● **Directions for this task**
Every line from the one holding "KHUYÊN TAI BẠC" through the last line of the records must be retyped exactly, and no other line or picture may appear in the copy.

*** Supplied data ***

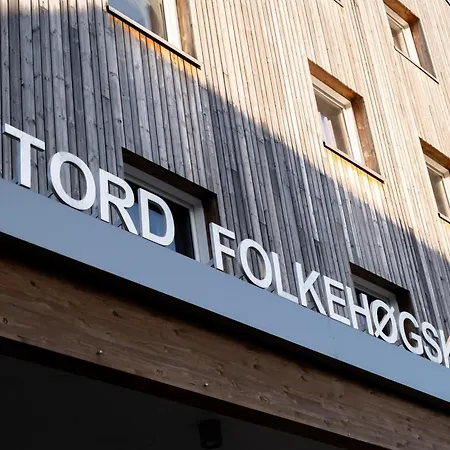 Stord Folkehøgskule Sommarhotell Leirvik-3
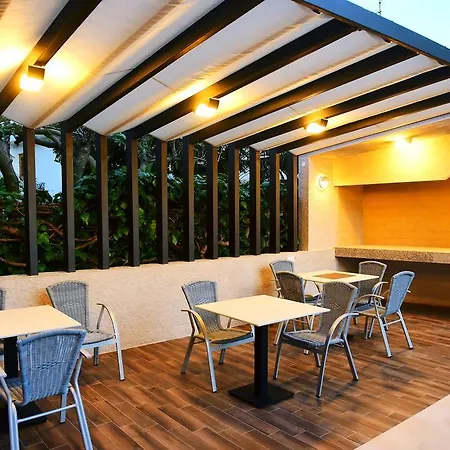 Apartment Apartments Zdjelar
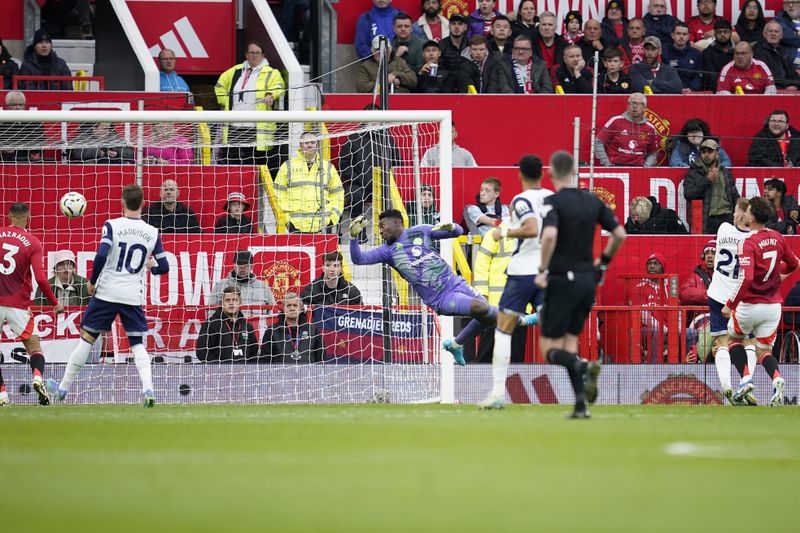 Tottenham's Dejan Kulusevski, second right, scores his side's second goal during the English Premier League soccer match between Manchester United and Tottenham Hotspur at Old Trafford stadium in Manchester, England, Sunday, Sept. 29, 2024. (AP Photo/Dave Thompson)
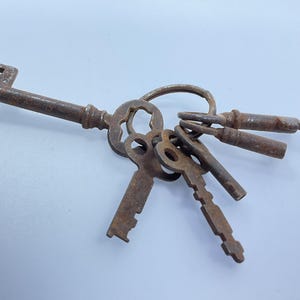 Vintage Lot Of 6 Skeleton Keys Used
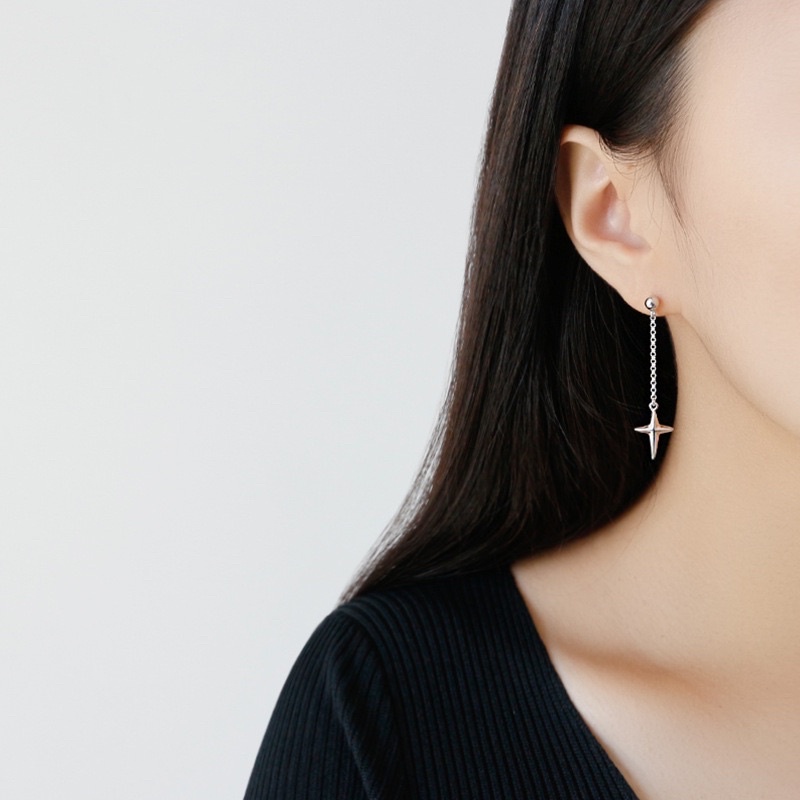 KHUYÊN TAI BẠC CALLA - Thánh giá bất đối xứng l E035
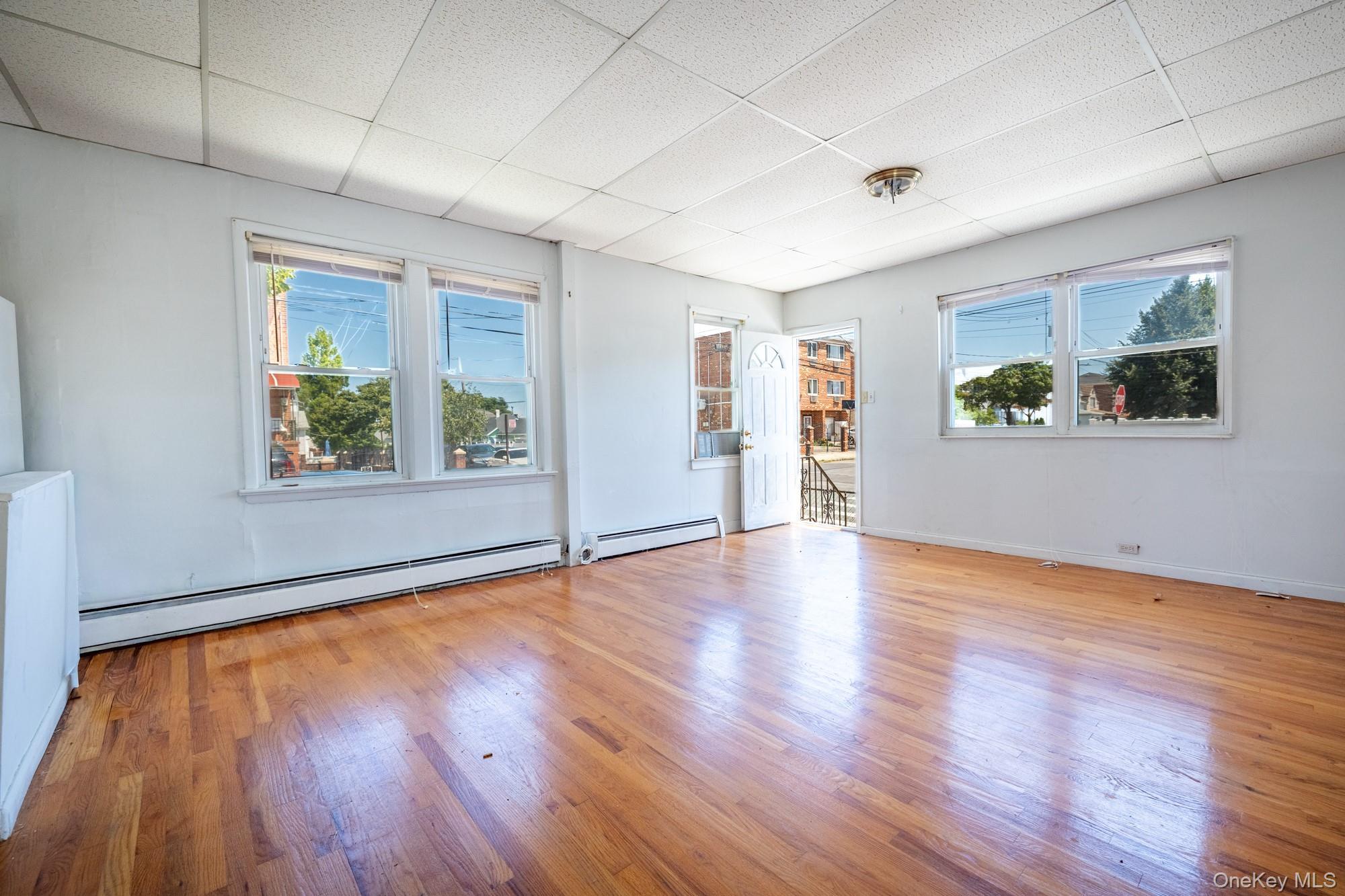 Single Family Barkley Avenue Bronx, NY 10465, MLS-1030006-7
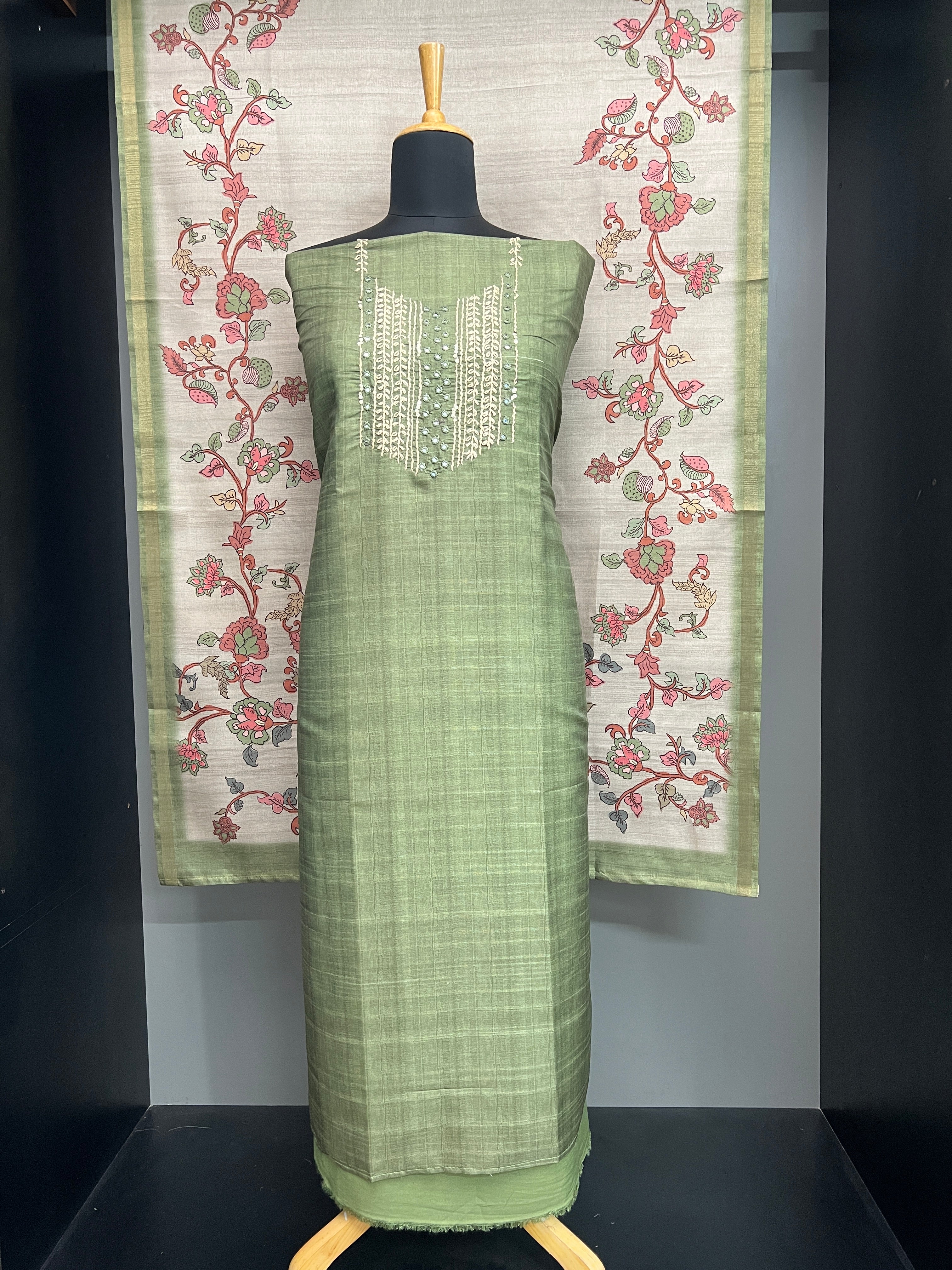 Hand Embroidery Detailed Tussar Finish Salwar Set | SW2148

*** End of Supplied data ***

● **Exercise solution**
 KHUYÊN TAI BẠC CALLA - Thánh giá bất đối xứng l E035
 Single Family Barkley Avenue Bronx, NY 10465, MLS-1030006-7
 Hand Embroidery Detailed Tussar Finish Salwar Set | SW2148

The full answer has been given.